Science

Elon Musk Has Already Sold More Than 15,000 of These Boring Hats

by Nick Lucchesi

At a relatively cheap $20 a pop, the Boring Company hat being sold to Cool Dads™ across the world has proved a popular item, and Elon Musk, ever the salesman, took the opportunity a few days before Thanksgiving and Black Friday to update his 15.2 million Twitter followers with the good news. A month after its release, sales of this humble hat are doing very well indeed.

“Initial Hat Offering going great with over $300k in hat sales already!,” Musk declared on Tuesday. “Thanks for buying our super boring hat. You rock, figuratively & literally. All cash goes directly towards more boring.”

So that’s at least 15,000 hats sold inside a month. Sometime during the third quarter of 2017, Tesla sold its 250,000th car, the continuation of a production ramp-up of impressive proportions: The electric car company delivered 50,580 vehicles in 2015; 76,230 in 2016, and more than 78,000 already this year.

The Boring Company, Musk’s project to dig subterranean transportation tunnels — think of a turnpike under the Earth — through which cars would travel alongside hyperloop pods, is underway behind SpaceX headquarters in Hawthorne, California.

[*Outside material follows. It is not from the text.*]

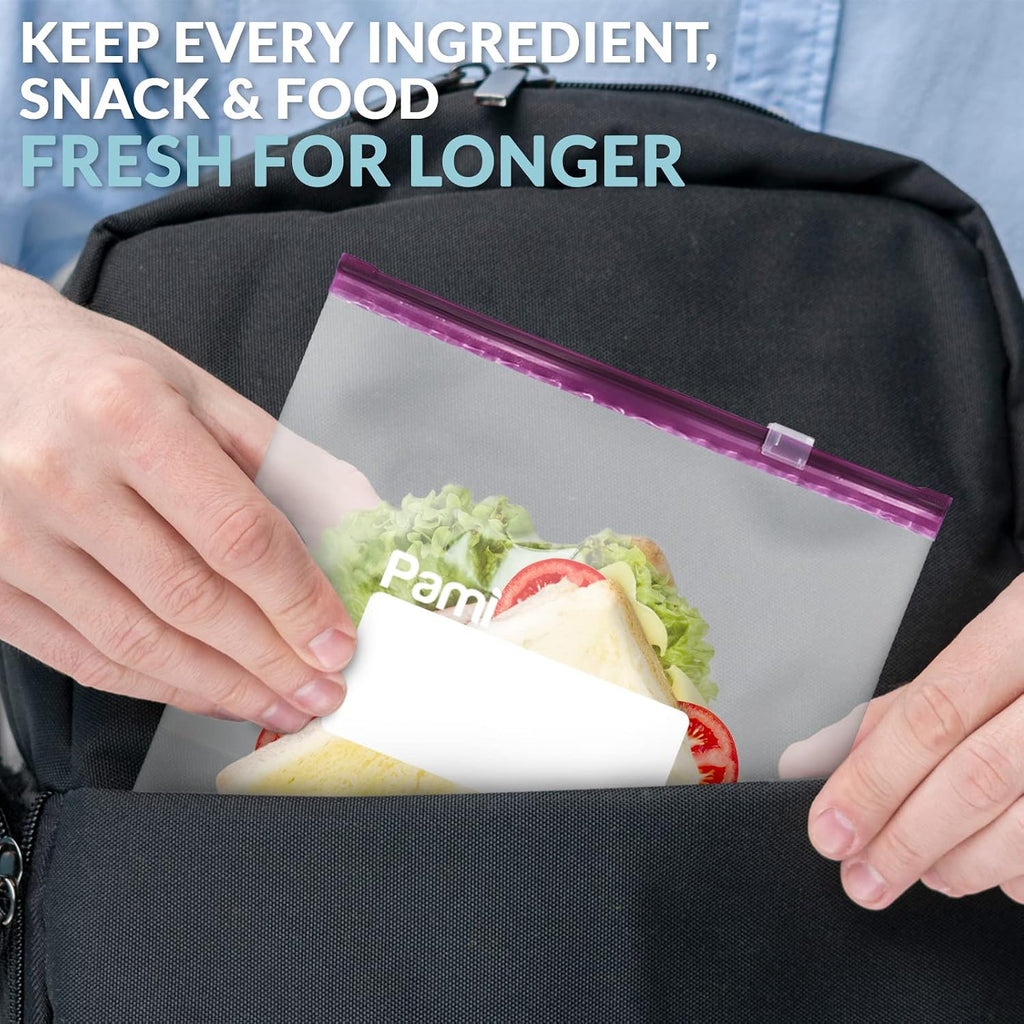 Reusable Slider Gallon Freezer Bags,Expandable Bottom,Leakproof,40 Ct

This thing is aggressively boring. 

On Tuesday, Bloomberg published a little math it did and found that Tesla seems to be “burning money” at a rate of about $8,000 per minute, as the company is building out manufacturing technology to meet the demand of its Model 3, the car that’s seen an estimated 300,000 reservations. But none of the sweatpants money made from hat sales is going to cover Tesla’s expenses, as Musk was smart to point out: “All cash goes directly towards more boring.”

Elon Musk

Getty Images / Mark Brake

In May, Musk shared this photo of the Boring Company tunnel being built behind SpaceX, and later he followed up with more images from the project, including a photo of Godot, the slow boring machine, and a video of a prototype of a car lift that would transport cars into the tunnel.

Musk wants to make the process of tunnel-digging ten times the cheaper and ten times faster. In May, he shared this video of the boring machine’s cutter spinning with the following caption: “Cutterhead in operation at standard industry speed. Planning to jack this up by a factor of ten or more.”

The end game, of course, is a 3D network of underground tunnels that would alleviate congestion above ground. First up is a possible tunnel project in the Los Angeles area. Then, maybe one on the East Coast, a Boring Co tunnel in Maryland, according to reports published in October.

When it’s all said and done, Musk hopes the underground tunnel system looks something like this video he presented in April at the TED Conference in Vancouver:

Correction: An earlier version of this story stated that the Boring Co. had sold 150,000 hats. It has sold more than 15,000. Inverse regrets the error.